SOURCE MATERIAL:
◆ ◆ ◆ ◆

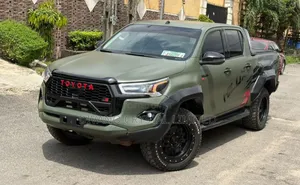 Toyota Hilux 2020 Black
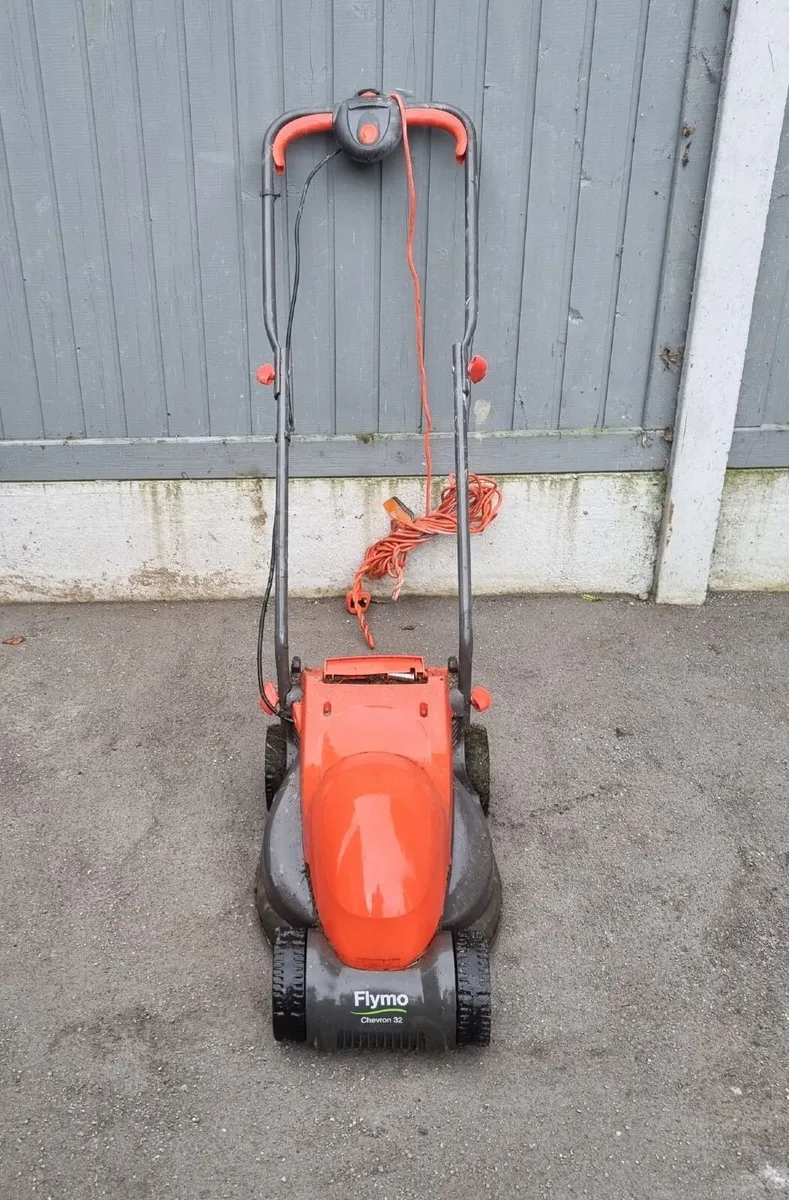 Flymo corded Lawnmower - Image 2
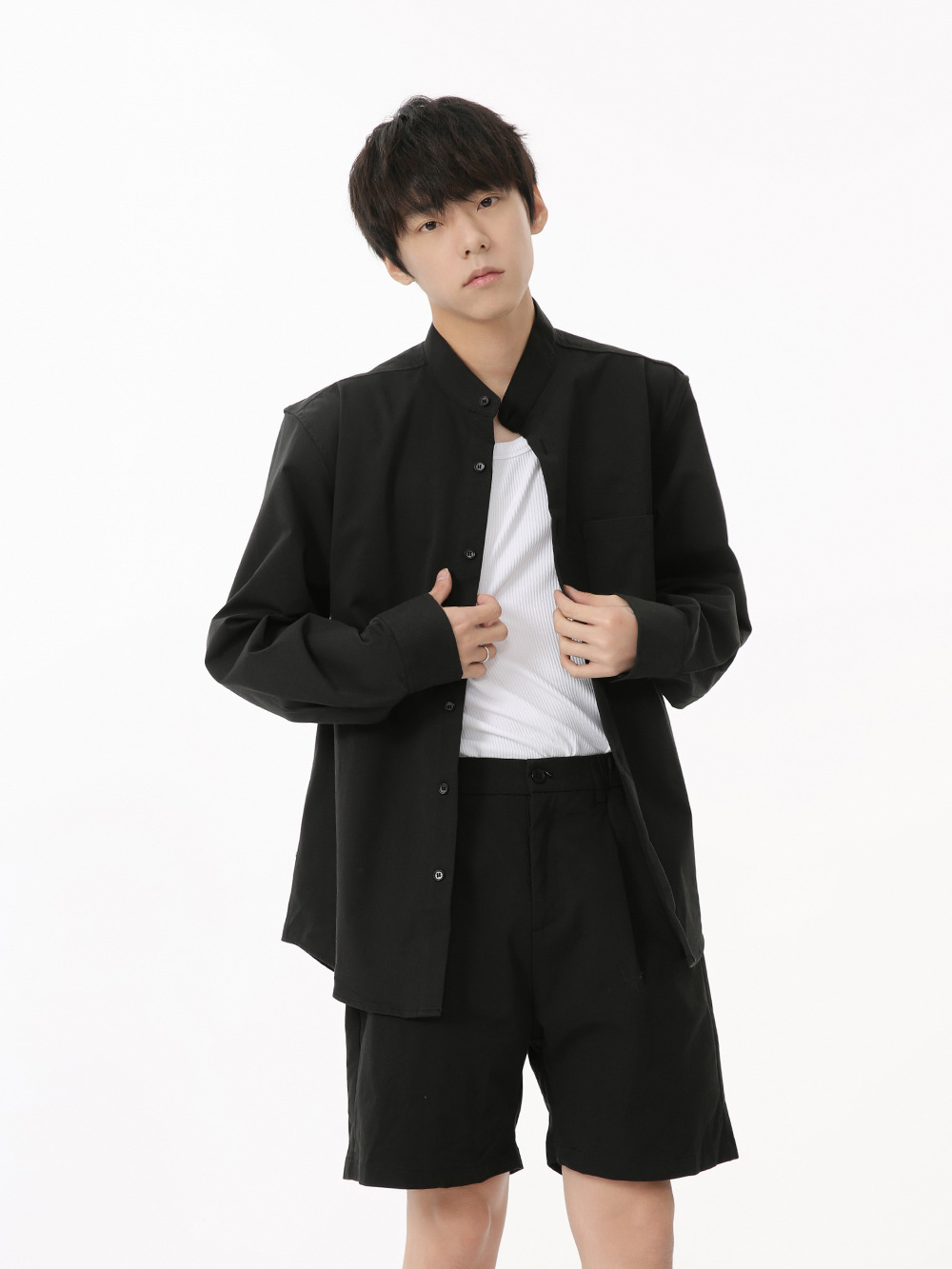 MTLCLOTHES Hombres| Camisas de color sólido coreanas, pantalones casuales de cinco puntos, moda diaria de traje de viaje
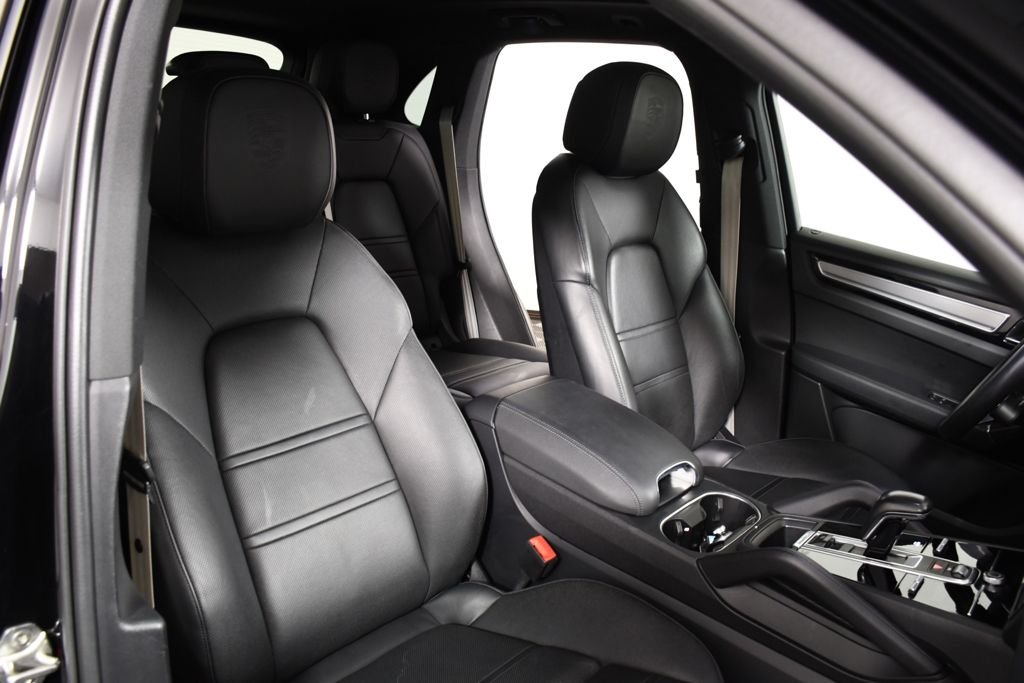 Used 2022 Black Porsche Platinum Edition image 20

◆ ◆ ◆ ◆

YOUR OBJECTIVE:
Reproduce the data above word for word, but leave the images out.

EXERCISE RESULT:
 Toyota Hilux 2020 Black
 Flymo corded Lawnmower - Image 2
 MTLCLOTHES Hombres| Camisas de color sólido coreanas, pantalones casuales de cinco puntos, moda diaria de traje de viaje
 Used 2022 Black Porsche Platinum Edition image 20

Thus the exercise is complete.